= AIM OF THE EXERCISE =
Down to the last line, print the material below verbatim.

** SUPPLIED RECORDS follows **

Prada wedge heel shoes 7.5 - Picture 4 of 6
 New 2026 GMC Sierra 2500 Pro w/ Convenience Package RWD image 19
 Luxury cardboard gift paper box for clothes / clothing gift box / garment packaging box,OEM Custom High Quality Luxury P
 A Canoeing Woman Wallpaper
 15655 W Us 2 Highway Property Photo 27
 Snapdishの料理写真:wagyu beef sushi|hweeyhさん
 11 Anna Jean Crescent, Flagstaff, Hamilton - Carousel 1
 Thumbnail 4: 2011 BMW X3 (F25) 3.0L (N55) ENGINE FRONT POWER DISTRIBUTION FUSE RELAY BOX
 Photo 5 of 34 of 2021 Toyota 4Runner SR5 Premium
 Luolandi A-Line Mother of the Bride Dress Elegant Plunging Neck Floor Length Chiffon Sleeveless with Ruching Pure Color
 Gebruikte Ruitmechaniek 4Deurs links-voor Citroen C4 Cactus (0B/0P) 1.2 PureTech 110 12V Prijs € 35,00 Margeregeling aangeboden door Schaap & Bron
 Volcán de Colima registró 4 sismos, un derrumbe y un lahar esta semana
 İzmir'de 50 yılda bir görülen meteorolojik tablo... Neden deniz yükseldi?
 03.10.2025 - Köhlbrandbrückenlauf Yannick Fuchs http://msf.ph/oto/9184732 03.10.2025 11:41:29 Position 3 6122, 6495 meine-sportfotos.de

** End of SUPPLIED RECORDS **

= FINISHED TASK =
Prada wedge heel shoes 7.5 - Picture 4 of 6
 New 2026 GMC Sierra 2500 Pro w/ Convenience Package RWD image 19
 Luxury cardboard gift paper box for clothes / clothing gift box / garment packaging box,OEM Custom High Quality Luxury P
 A Canoeing Woman Wallpaper
 15655 W Us 2 Highway Property Photo 27
 Snapdishの料理写真:wagyu beef sushi|hweeyhさん
 11 Anna Jean Crescent, Flagstaff, Hamilton - Carousel 1
 Thumbnail 4: 2011 BMW X3 (F25) 3.0L (N55) ENGINE FRONT POWER DISTRIBUTION FUSE RELAY BOX
 Photo 5 of 34 of 2021 Toyota 4Runner SR5 Premium
 Luolandi A-Line Mother of the Bride Dress Elegant Plunging Neck Floor Length Chiffon Sleeveless with Ruching Pure Color
 Gebruikte Ruitmechaniek 4Deurs links-voor Citroen C4 Cactus (0B/0P) 1.2 PureTech 110 12V Prijs € 35,00 Margeregeling aangeboden door Schaap & Bron
 Volcán de Colima registró 4 sismos, un derrumbe y un lahar esta semana
 İzmir'de 50 yılda bir görülen meteorolojik tablo... Neden deniz yükseldi?
 03.10.2025 - Köhlbrandbrückenlauf Yannick Fuchs http://msf.ph/oto/9184732 03.10.2025 11:41:29 Position 3 6122, 6495 meine-sportfotos.de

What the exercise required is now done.